The suppression of different SR-STAP methods in MCARM data is shown in Fig. 9. It should be pointed out that the spectrum-aid methods fail to recover the CCM in \(\beta =2\). The range-Doppler spectrum of SR-STAP is shown in Fig. 9a and the other three RD-SR-STAP methods are shown in Fig. 9b–d, respectively. It seems that there is no visible difference between the SR-STAP and the proposed methods, which illustrates that only adds a few noise grids to spectrum-aid methods can realize the performance of an overcomplete dictionary. Furthermore, we display the output power of the different range bin in normalized Doppler frequency 0.223 as shown in Fig. 10. It can be easy to find that the moving target emerges in the range cell 313 and the surrounded clutter is eliminated after STAP. For three methods, the RD-FT-SR-STAP and RD-LS-SR-STAP are better than RD-C-SR-STAP. This means that fewer grids cannot effectively recover the CCM even it is combined with noise grids.

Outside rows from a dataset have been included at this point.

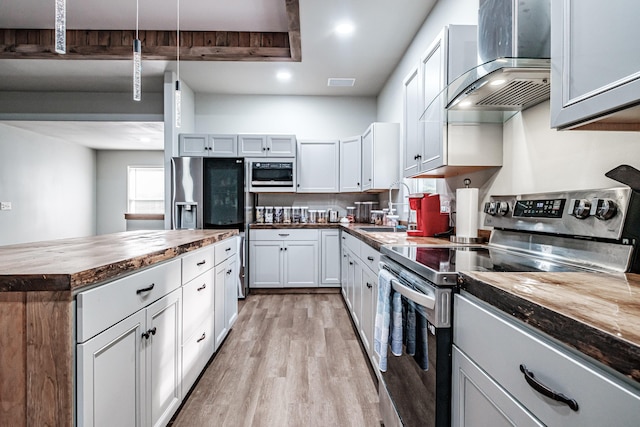 kitchen with wooden counters, built in microwave, wall chimney exhaust hood, electric stove, and a sink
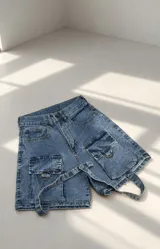 Short de denim azul con bolsillos cargo laterales y tiras decorativas con argollas metálicas.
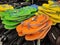 Colorful pair of slippers and shoes displayed for sale.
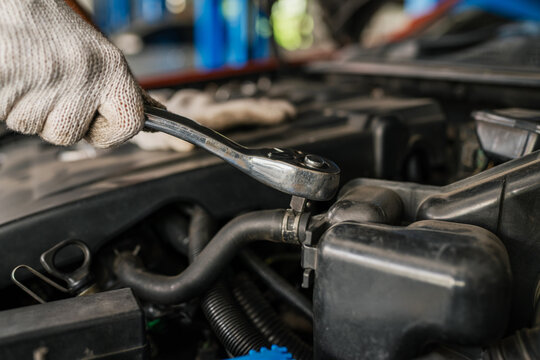Female Auto mechanic are checking and repair maintenance auto engine.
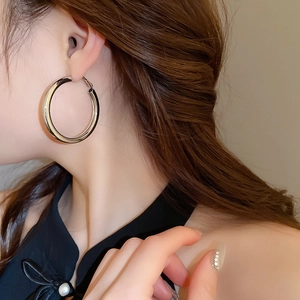 Close-up of a silver-toned metal large hoop earring worn by a model in a modern style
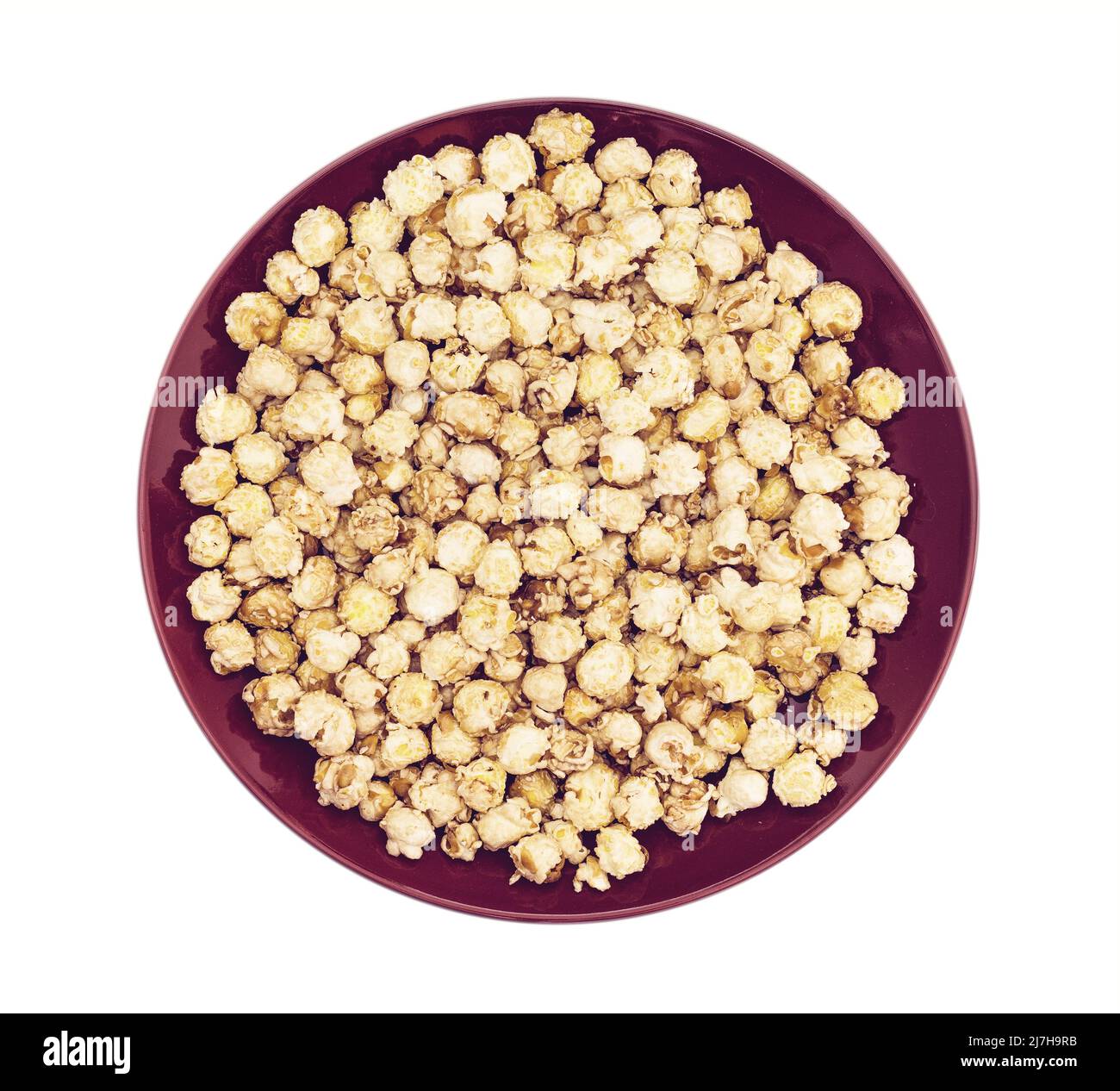 caramel popcorn on dark dish plate Stock Photo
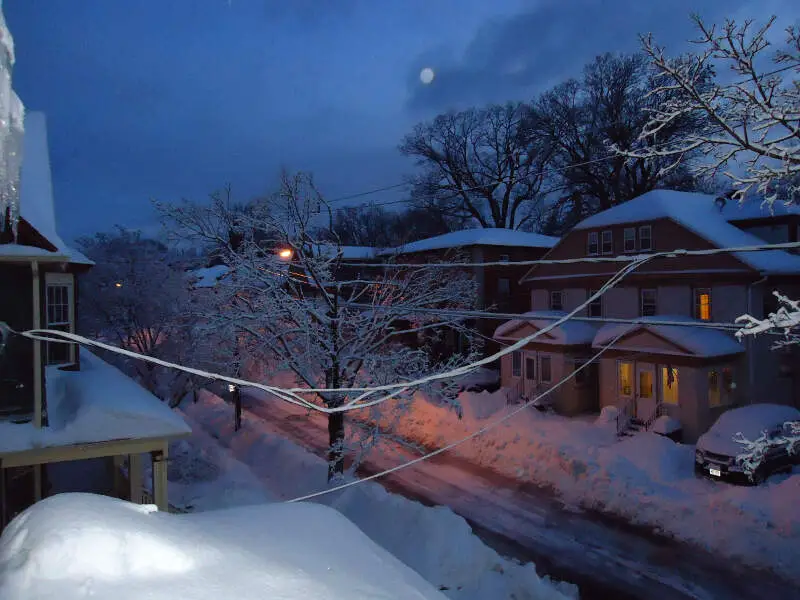 Summit New Jersey Street After Snowfall In Early Morning With Houses And Porches And Car And Moon
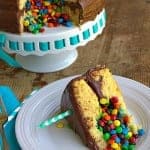 A slice cut from a Pinata Cake with mini chocolate candies spilling out of the hidden center.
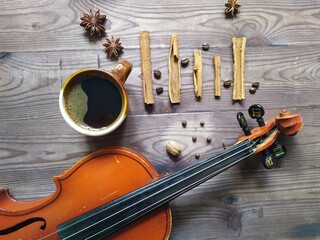 Musical note chord of cinnamon, coffee beans, star anise, with cup of coffe and violin on brown wooden background, top view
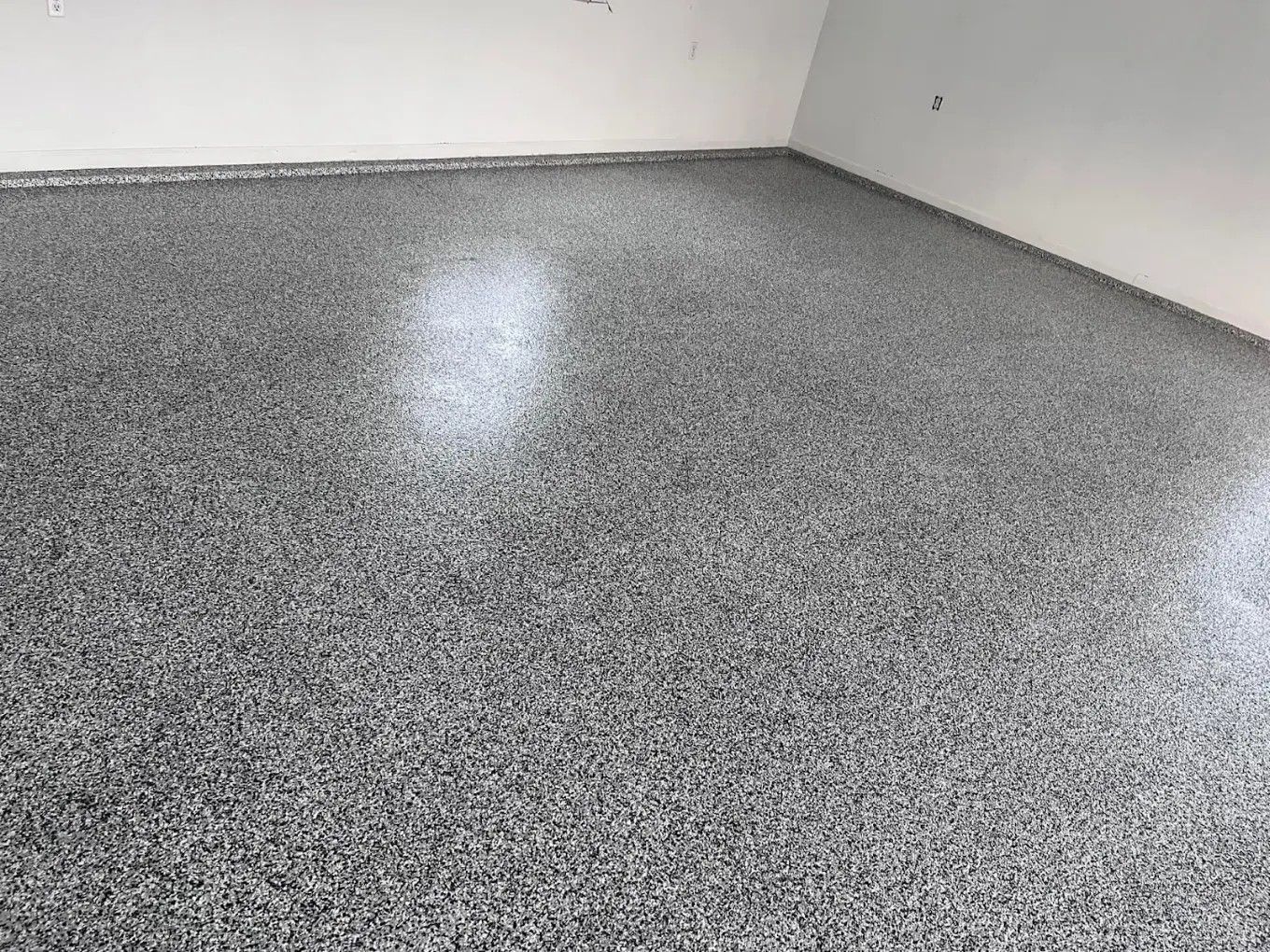 Empty speckled gray floor in a plain room with white walls and bright light reflections
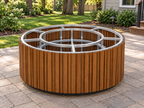 EZ Finish Firefly 48-inch round aluminum-clad fire pit enclosure shown without countertop or burner components on a wooded suburban backyard patio.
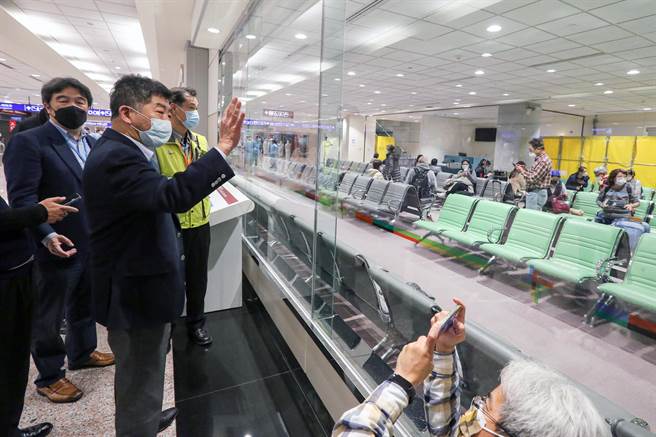 長程航班落地採檢11日登場，指揮官陳時中在桃機前進指揮所指揮官王必勝等人的陪同下，在入境長廊隔著玻璃視察候機室內的採檢作業。（陳麒全攝）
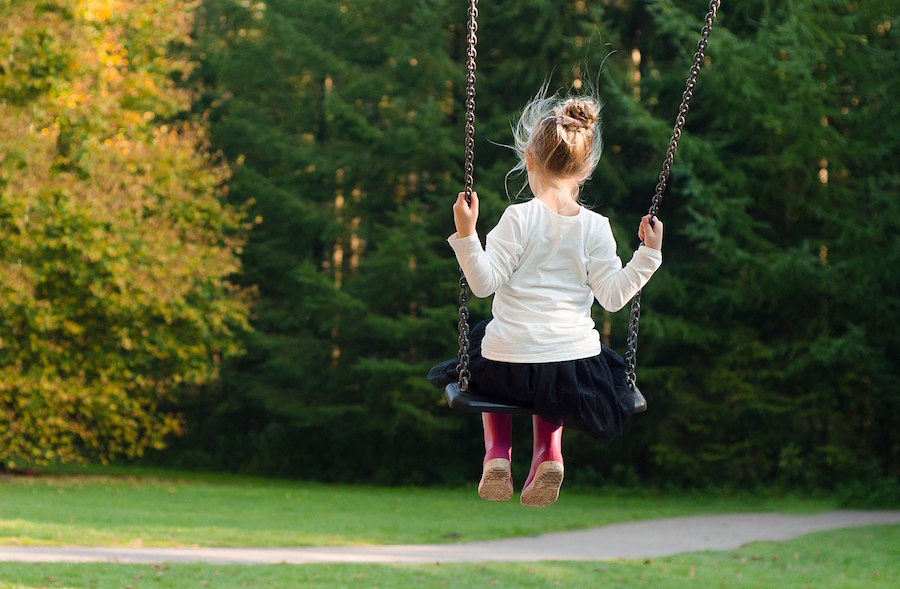 <p>A girl on a swing. </p>
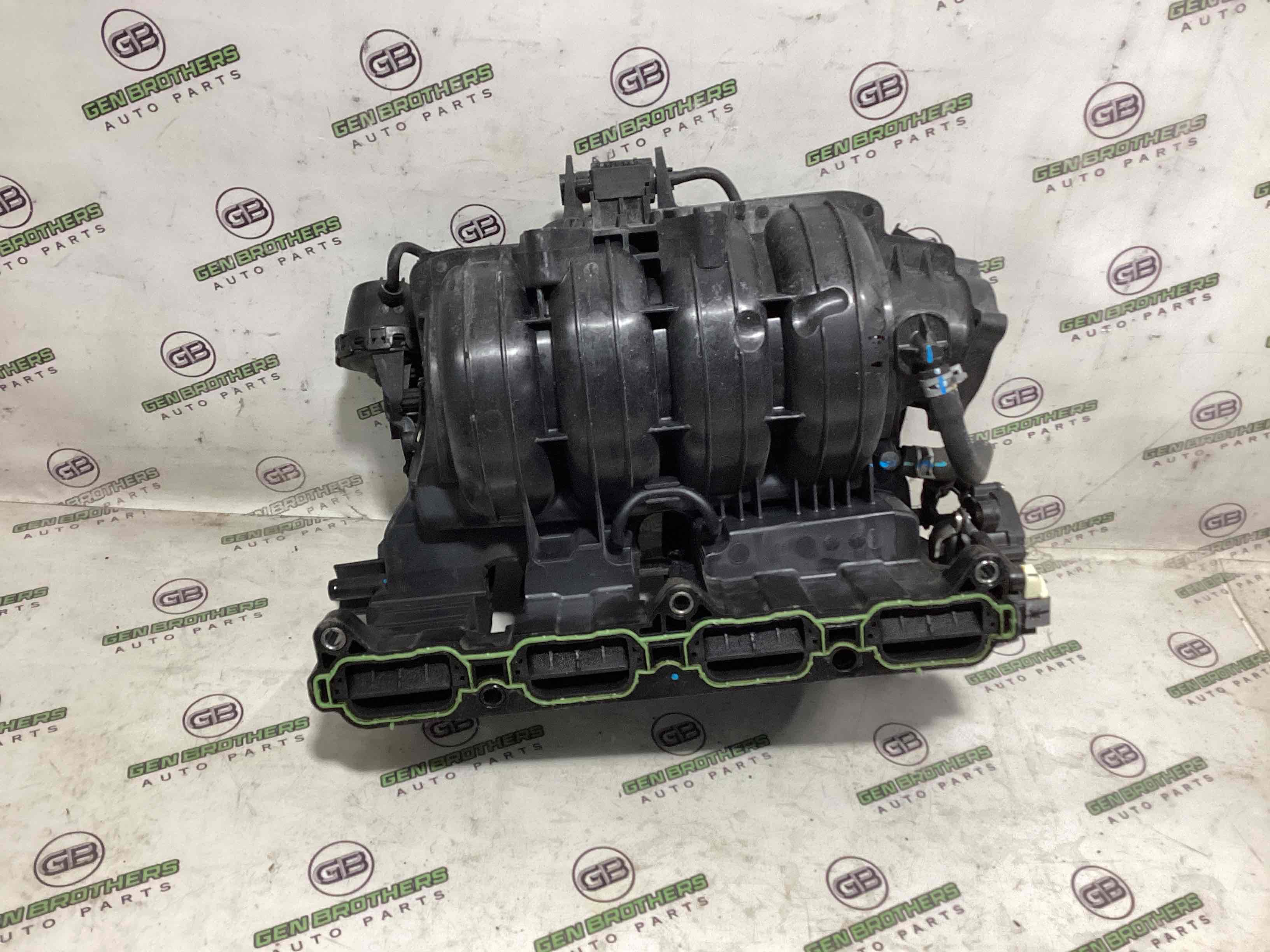 Колектор впускний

Therefore, the capon method is not suitable in application because of its computational load and poor suppression.

Fig. 9
figure 9

The RD spectrum of SR-STAP: a SR-STAP, b RD-FT-SR-STAP, c RD-LS-SR-STAP, d RD-C-SR-STAP

Fig. 10
figure 10

The output power of defferent range bin: a SR-STAP, b RD-FT-SR-STAP, c RD-LS-SR-STAP, d RD-C-SR-STAP

The computational complexity of the proposed methods is evaluated in the last experiment and the expansion factor \(\beta\) is used as the variable to change the size of input data. As shown in Fig. 11, the red bar areas represent the addition grid number of SR-STAP compared to the other methods. This means that the SR-STAP needs large grids to recover CCM perfectly. As for the proposed methods, the grid number only has a slight increase compared to spectrum-aid methods but far smaller than the SR-STAP. Next is the running time as shown in Fig. 12, and the symbol ’X’ represents that a failed recovery in current \(\beta\). The spectrum-aid methods often lost efficacy in the small input size, especially the C-SR-STAP cannot normally work in such conditions. Therefore, pure spectrum-aid methods lack practical significance. The proposed methods can still stay the effective recovery in all the input size, which means they are more robust than spectrum-aid methods in real data. The only price is a slight time extension, but the proposed methods can be easier to accept in using than SR-STAP and spectrum-aid methods.

Fig. 11
figure 11

The residual grid number for RD dictionary in different input size: a SR-STAP, b RD-FT-SR-STAP, c RD-LS-SR-STAP, d RD-C-SR-STAP

Fig. 12
figure 12

The running time for RD dictionary in different input size: a SR-STAP, b RD-FT-SR-STAP, c RD-LS-SR-STAP, d RD-C-SR-STAP

7 Conclusion

For conventional SR-STAP methods, the complete dictionary leads to a huge computational load, and this limits the application of SR-STAP methods. The spectrum-aid methods have a great effect in reducing the computation of SR-STAP, but they are sensitive to the input data size. Except that, the spectrum-aid methods have poor performance because they discard lots of grids in recovery. In order to solve the above problems, the proposed methods first introduce the noise grids as the auxiliary information to enhance the sparsity of the recovery variable. Furthermore, a second grids screening method is developed to reject useless grids as much as possible. The exhaustive experiments demonstrate that it is feasible to get a similar recovery as the overcomplete dictionary by adding a few noise grids. Although we give three methods to extract spectrum information, the experiments show that the RD-FT-SR-STAP is more suitable than other two methods because of its balance between performance and computational load. In a word, the proposed method has a significant improvement and its computation is only a slight increase compared to the spectrum-aid methods, hence the proposed methods are more realistic significance. However, the proposed method only adopts the simple random sampling method to eliminate the useless noise grid points, hence a more appropriate screening scheme of noise grids is worth exploring. Furthermore, extending this method to other existing solving algorithms is also one of the main works in the future.